“Ho proposto al mio assistito di essere sentito dai magistrati per dare la sua versione di quanto successo nella villa di Altavilla Milicia. Gli ho detto che anche la compagna Sabrina Fina ha accettato di essere interrogata”.

È quanto ha riferito l’avvocato Marco Rocca, legale di Massimo Carandente, accusato insieme alla compagna e al muratore Giovanni Barreca del triplice omicidio della moglie di quest’ultimo Antonella Salamone e dei due figli Emanuel e Kevin di 16 e 5 anni. Della strage è accusata anche la figlia 17enne di Barreca.

“Oggi un legale che ho nominato per assistermi in questo caso andrà in carcere a sentire Massimo Carandente. Il mio assistito durante il colloquio di oggi mi ha chiesto notizie sulle condizioni della compagna. L’ho rassicurato e gli ho spiegato quale sarà la linea che intendo intraprendere per difenderli in questa vicenda che ancora presenta tanti punti oscuri – aggiunge l’avvocato Rocca – Attendo di conoscere gli esiti dell’indagine e gli esami dell’autopsia per iniziare a capire cosa sia davvero successo. Al momento abbiamo il racconto di Barreca e della figlia che si sono spesso contraddetti. Attendiamo i riscontri”.

La conversazione al telefono

Sabrina Fina e Massimo Carandente “stavano parlando al telefono mentre si verificava l’orribile tragedia nella villetta di Altavilla Milicia”. Questa sconvolgente rivelazione, se confermata da quanto dichiarato da Giovanni Barreca durante il suo colloquio con l’avvocato Giancarlo Barracato, potrebbe aprirsi a nuove e inquietanti prospettive sui delitti di Antonella Salamone e dei suoi figli Kevin ed Emanuel. Tuttavia, queste sono frammentate memorie, lampi di un delirio mistico in cui l’imbianchino, accusato dei crimini insieme alla figlia diciassettenne e ai due “fratelli di Dio”, è sprofondato da oltre un mese.

Le telefonate

“L’avvocato Barracato ha rivelato che ci sono stati brevi scambi di conversazione tra Massimo, Sabrina e Barreca, con alcune telefonate ricevute e altre effettuate da quest’ultimi”, ha dichiarato l’avvocato. L’analisi dei tabulati e dei telefoni degli indagati potrebbe svelare con chi hanno parlato e la natura di tali contatti, oltre alla loro posizione durante quei tragici giorni. Si ipotizza che Fina e Carandente facciano parte di un movimento più ampio, sfruttando la vulnerabilità sociale e psicologica delle persone per soggiogarle.

Gli adepti

Si suggerisce l’esistenza di una setta in cerca di adepti, che si scambiano messaggi vocali e sui social come veri fanatici, con l’obiettivo di “strappare anime a Satana”. Potrebbe anche esserci una rete di cellule isolate, ognuna guidata da un leader, che potrebbe aver consigliato i rituali, anche i più cruenti, durante la presunta liberazione dal demonio nella casa degli orrori. Gli investigatori continuano a cercare testimoni, vicini di casa e conoscenti, che potrebbero far luce su eventuali complici rimasti nell’ombra.
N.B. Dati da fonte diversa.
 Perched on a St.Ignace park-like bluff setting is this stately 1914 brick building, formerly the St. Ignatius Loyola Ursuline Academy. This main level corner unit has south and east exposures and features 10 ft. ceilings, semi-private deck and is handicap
Un’altra pista importante riguarda i gruppi su Facebook e altre piattaforme, al fine di identificare persone che potrebbero aver avuto conoscenza dell’escalation di violenza nella casa.

Resta da chiarire cosa sia accaduto il 10 febbraio, con un vuoto di 12 ore nelle attività dei protagonisti. Barreca avrebbe accompagnato gli amici alla stazione di Altavilla Milicia a mezzogiorno, mentre le vittime erano già decedute, per poi consegnarsi ai carabinieri di Casteldaccia alle due di notte, lasciando la figlia sola nella sua stanza. Gli inquirenti stanno indagando se Barreca possa essere stato drogato per istigarlo a compiere il massacro, ma rimane ancora da chiarire dove si trovasse e cosa abbia fatto durante quel black-out di 12 ore.